Prima di tutto, però, il sistema di voto nei paesi all'estero che concentrano maggiormente gli immigrati boliviani di ceto popolare (Argentina, Brasile e Cile) era volutamente disgiunto, per produrre confusione e astensione. L'intento sembrava semplice: poiché i voti all'estero vengono contati per primi, i risultati distorti servirebbero da testa di ponte per le frodi. Infatti, al termine della mattinata di lunedì, all'indomani del voto, lo scrutinio internazionale ha indicato il candidato Carlos Mesa, del fronte Comunidad Ciudadana (CC), con il 42,22% dei voti, e Luis Arce, del MAS, con 38,45%.
Fonte: Viaggio, La Pace.
Martedì, con la vittoria elettorale del MAS data per fatto compiuto, il computo del voto internazionale indica già Mesa con il 31,73% e Arce con il 50%:
Fonte: Viaggio, La Pace.
Ciò che sembra aver sventato la frode sono stati gli exit poll che hanno dato una schiacciante vittoria al candidato del MAS. Cioè, non tanto la vittoria, ma la schiacciante vittoria. Prima ancora, l'uomo d'affari Arturo Murillo Prijic, appartenente al clan croato di ustascia di Santa Cruz de la Sierra (i nazisti balcanici emigrati in Bolivia dopo la sconfitta nazista nella seconda guerra mondiale), uno dei leader del golpe e uomo di collegamento con il Dipartimento di Stato di Mike Pompeo e l'OSA, nonché ministro" del Gobierno ” (equivalente alla Civil House) di Jeanine Áñez, responsabile di aver accusato Evo Morales di terrorismo in tribunale, ha cercato di fare pressioni sui media, sulle società di sondaggi e persino sulla Corte Suprema Elettorale, al fine di impedire la pubblicazione dei sondaggi. Il braccio di ferro durò quattro ore, finché, poco dopo la mezzanotte, iniziarono ad essere annunciati i risultati. Cominciava a consumarsi la vittoria politica del MAS, più che la sua possibile sconfitta elettorale. Cercare di invertirlo con la frode può essere una mossa estremamente rischiosa per i truffatori e che darebbe praticamente fuoco al paese.

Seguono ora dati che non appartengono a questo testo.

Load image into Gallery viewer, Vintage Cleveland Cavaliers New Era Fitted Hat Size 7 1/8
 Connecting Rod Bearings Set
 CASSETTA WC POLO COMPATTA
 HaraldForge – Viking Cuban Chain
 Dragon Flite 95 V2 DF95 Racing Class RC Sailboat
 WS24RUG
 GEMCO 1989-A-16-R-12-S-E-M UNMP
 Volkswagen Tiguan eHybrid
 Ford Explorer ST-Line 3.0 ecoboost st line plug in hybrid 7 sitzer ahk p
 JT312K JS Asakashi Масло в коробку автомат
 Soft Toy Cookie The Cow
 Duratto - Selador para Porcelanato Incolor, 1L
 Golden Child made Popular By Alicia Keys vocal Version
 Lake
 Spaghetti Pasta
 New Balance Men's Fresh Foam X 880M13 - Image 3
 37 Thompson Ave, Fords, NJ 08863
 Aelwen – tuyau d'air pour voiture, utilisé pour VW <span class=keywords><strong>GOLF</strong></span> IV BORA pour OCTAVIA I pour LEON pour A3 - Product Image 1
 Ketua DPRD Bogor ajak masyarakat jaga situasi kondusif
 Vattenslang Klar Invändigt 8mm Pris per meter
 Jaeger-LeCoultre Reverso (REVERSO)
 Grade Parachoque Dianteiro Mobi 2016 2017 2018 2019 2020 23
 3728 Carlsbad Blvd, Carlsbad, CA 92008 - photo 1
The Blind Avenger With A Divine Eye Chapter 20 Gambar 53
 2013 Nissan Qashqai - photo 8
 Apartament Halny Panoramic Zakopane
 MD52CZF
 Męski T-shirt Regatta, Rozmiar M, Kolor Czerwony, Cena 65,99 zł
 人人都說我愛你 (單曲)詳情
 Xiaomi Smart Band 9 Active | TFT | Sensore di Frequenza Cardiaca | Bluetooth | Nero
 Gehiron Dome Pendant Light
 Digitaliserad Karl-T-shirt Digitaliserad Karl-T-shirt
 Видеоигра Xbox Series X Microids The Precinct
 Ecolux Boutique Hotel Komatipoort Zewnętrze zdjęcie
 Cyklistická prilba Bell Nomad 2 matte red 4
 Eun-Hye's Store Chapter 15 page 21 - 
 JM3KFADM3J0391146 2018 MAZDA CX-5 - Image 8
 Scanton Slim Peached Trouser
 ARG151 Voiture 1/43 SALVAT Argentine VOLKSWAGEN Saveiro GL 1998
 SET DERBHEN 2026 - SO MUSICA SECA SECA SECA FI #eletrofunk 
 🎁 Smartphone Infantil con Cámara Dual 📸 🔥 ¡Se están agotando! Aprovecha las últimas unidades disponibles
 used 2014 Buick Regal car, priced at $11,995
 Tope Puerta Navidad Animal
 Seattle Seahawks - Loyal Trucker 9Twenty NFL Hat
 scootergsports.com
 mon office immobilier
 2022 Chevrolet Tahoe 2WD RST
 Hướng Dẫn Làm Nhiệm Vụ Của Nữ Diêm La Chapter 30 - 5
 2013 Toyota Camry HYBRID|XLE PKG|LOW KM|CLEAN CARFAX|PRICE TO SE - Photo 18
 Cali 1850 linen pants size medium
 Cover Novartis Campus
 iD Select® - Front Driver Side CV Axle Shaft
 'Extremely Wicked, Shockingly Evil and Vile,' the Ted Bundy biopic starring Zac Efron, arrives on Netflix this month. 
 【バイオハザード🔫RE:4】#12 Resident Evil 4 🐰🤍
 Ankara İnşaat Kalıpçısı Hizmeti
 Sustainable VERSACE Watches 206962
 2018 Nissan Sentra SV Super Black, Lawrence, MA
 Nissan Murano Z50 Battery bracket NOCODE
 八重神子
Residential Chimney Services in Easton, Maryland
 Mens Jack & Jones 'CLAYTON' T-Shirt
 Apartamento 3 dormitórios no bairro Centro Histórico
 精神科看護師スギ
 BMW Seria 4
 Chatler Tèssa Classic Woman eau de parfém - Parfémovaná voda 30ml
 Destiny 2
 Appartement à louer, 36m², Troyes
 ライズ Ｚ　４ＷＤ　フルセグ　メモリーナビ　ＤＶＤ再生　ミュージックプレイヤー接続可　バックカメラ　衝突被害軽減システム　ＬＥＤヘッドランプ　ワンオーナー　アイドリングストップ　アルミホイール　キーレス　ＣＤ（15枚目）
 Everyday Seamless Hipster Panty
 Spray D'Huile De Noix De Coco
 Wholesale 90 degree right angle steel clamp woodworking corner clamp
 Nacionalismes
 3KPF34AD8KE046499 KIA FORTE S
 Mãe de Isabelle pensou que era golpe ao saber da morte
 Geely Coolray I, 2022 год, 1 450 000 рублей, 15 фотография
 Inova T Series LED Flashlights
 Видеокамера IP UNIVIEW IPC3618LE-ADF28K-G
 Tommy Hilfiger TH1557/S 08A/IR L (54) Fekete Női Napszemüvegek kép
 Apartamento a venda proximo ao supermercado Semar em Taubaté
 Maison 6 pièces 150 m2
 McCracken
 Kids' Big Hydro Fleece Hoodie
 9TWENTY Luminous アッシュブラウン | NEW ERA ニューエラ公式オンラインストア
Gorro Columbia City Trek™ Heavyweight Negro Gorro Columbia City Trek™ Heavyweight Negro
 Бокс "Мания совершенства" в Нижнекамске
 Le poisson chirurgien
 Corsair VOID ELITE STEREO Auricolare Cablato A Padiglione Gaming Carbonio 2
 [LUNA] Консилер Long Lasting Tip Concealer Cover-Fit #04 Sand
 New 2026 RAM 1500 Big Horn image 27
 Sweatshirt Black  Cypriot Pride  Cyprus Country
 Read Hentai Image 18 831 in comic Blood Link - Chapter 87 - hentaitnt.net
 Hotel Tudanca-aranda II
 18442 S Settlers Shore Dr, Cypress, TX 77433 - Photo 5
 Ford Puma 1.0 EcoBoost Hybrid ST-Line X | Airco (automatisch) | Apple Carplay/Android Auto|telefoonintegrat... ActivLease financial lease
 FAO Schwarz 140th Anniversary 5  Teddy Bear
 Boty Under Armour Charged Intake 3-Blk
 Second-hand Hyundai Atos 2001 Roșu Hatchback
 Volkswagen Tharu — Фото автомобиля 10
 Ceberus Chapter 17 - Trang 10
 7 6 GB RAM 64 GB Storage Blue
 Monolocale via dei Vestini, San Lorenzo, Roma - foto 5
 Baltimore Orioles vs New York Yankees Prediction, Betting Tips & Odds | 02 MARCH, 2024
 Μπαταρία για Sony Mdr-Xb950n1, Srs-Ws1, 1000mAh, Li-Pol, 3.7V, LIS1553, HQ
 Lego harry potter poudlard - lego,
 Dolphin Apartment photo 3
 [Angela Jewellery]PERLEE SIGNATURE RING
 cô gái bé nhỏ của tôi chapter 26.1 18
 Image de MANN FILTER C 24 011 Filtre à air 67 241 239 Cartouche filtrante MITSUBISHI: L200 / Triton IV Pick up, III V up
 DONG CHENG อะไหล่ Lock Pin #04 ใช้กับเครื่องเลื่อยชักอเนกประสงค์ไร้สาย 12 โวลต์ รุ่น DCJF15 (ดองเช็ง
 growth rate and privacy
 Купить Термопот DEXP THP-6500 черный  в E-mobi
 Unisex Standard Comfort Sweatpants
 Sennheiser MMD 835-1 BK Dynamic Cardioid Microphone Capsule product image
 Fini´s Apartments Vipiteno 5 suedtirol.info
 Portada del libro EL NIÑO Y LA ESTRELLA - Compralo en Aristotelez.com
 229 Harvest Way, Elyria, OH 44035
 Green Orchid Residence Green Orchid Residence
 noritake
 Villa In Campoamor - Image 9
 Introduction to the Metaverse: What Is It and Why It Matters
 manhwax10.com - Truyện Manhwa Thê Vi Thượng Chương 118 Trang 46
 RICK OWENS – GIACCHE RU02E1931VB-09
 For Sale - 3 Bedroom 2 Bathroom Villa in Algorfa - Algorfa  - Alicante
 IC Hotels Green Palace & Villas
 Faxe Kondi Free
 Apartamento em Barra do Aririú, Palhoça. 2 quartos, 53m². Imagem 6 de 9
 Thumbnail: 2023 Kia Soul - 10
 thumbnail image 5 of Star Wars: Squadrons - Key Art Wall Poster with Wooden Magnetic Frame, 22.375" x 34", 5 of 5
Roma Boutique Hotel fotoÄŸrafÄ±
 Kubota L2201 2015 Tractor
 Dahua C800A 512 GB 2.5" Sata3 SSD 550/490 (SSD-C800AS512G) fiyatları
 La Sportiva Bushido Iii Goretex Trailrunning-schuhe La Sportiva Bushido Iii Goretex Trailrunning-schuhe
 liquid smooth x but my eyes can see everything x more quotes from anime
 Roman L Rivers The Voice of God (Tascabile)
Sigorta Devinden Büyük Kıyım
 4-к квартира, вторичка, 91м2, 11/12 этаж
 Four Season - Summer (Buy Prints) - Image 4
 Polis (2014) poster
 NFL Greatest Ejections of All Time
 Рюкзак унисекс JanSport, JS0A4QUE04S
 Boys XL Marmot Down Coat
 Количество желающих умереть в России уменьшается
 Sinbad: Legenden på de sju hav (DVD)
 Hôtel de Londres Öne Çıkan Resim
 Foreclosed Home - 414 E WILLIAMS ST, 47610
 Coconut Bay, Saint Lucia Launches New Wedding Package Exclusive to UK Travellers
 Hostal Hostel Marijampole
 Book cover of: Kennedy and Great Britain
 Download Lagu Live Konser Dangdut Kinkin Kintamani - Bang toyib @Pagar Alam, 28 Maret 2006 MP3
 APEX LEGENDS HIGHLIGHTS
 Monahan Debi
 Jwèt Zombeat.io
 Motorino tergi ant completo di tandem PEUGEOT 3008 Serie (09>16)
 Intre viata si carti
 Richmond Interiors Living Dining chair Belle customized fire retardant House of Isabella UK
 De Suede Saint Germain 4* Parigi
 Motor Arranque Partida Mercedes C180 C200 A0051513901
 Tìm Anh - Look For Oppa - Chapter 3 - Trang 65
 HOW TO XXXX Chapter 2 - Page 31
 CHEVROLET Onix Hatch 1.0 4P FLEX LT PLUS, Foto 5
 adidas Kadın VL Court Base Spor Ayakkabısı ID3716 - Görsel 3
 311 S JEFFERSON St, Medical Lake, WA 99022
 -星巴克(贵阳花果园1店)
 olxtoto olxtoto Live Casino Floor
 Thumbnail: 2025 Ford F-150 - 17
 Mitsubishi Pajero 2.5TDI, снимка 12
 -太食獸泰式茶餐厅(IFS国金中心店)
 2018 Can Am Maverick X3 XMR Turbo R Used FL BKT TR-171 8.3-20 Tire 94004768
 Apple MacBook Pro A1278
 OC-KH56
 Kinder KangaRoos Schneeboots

Il lavoro politico dietro questa schiacciante vittoria del MAS, e che ha disposto la partita in modo tale da rendere innocua una prevedibile operazione di frode elettorale, è cronaca ancora da raccontare. I suoi insegnamenti possono dirci se la mobilitazione popolare in Bolivia abbia trovato un efficace antidoto alla guerra ibrida, in uno scenario geopolitico estremamente avverso, o se tutto fosse solo un'altra di quelle insolite particolarità boliviane, dove le logiche locali finivano per imporre l'ennesimo clamoroso sconfitta all'egemonia globale dell'Impero.
Nel mondo popolare boliviano
*Ricardo Cavalcanti-Schiel Professore di Antropologia presso l'Università Federale di Rio de Janeiro Grande do Sul (UFRGS).
Originariamente pubblicato sul sito web Altre parole.